The Northern tech sector is booming. Jobs in Northern tech are increasing 10 times faster than jobs in non-digital sectors, and the productivity of digital workers is 53 percent higher than the productivity of non-digital workers. Manchester has a world-class digital marketing cluster, healthtech has become a strong suit for Leeds, and Liverpool is building a reputation for expertise in the Internet of Things says the authors and yet there is much more that can be done.

Raising productivity to the national average for tech workers would result in a £5.7 billion increase in GVA (gross value added) for the Northern economy. And increasing the rate of digital self-employment to the national average would give rise to over 9,700 more tech founders in the region.

The report highlights several existing examples of local collaboration. In manufacturing, Manchester-based tech company 2M Automation worked with the Nissan car plant in Sunderland to improve operations on its machine conveying system. While in the field of health, Yorkshire-based company Immedicare created a telecare service that links care homes in Airedale with clinicians in the nearby hospital.

The digital economy is a source of prosperity for the North.

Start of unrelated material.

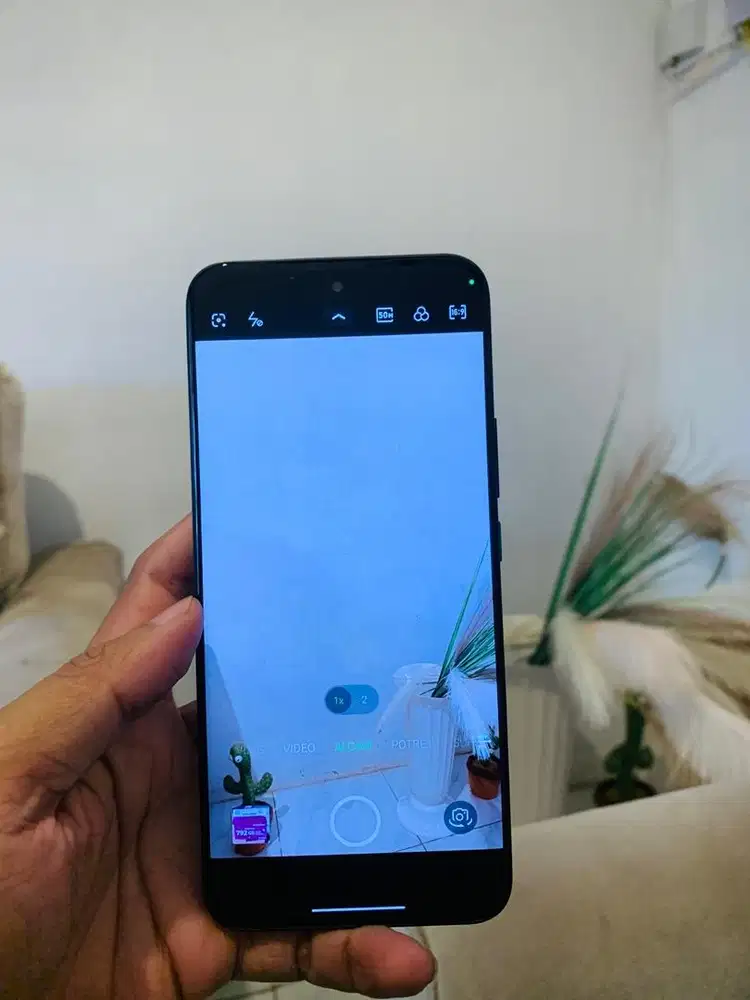 Infinix hot 60 pro plus ram 8/128 gb warna hitam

The report’s analysis shows that digital jobs in the region are increasing at ten times the rate of jobs in non-digital sectors, and that the productivity of digital workers is 53 percent higher than that of non-digital workers.

This in turn has fed into higher earnings, with digital workers in the North being paid an average of £16 per hour compared with £10 per hour for their counterparts elsewhere in the economy. If there was ever a sector that could make real the aspirations for a private sector-led and innovation-focused Northern Powerhouse, the digital economy is it.

The authors suggest a number of ways that this could be achieved including the introduction of Tech Taster vouchers as a way of allowing businesses to get a taste of what tech could do for their operations and establishing a Digital Powerhouse that collates private and public sector contracts in one place, establishing a Northern hub of commercial opportunities.

The Championing of the tech co-operative model where co-operatives should be promoted in the North as a means of helping tech firms band together and achieve economies of scale and making the North a testbed for experimental tech: Northern tech clusters should look at ways they could become proving grounds for experimental technologies (e.g., the use of robotics in social care or blockchain technology in the welfare system).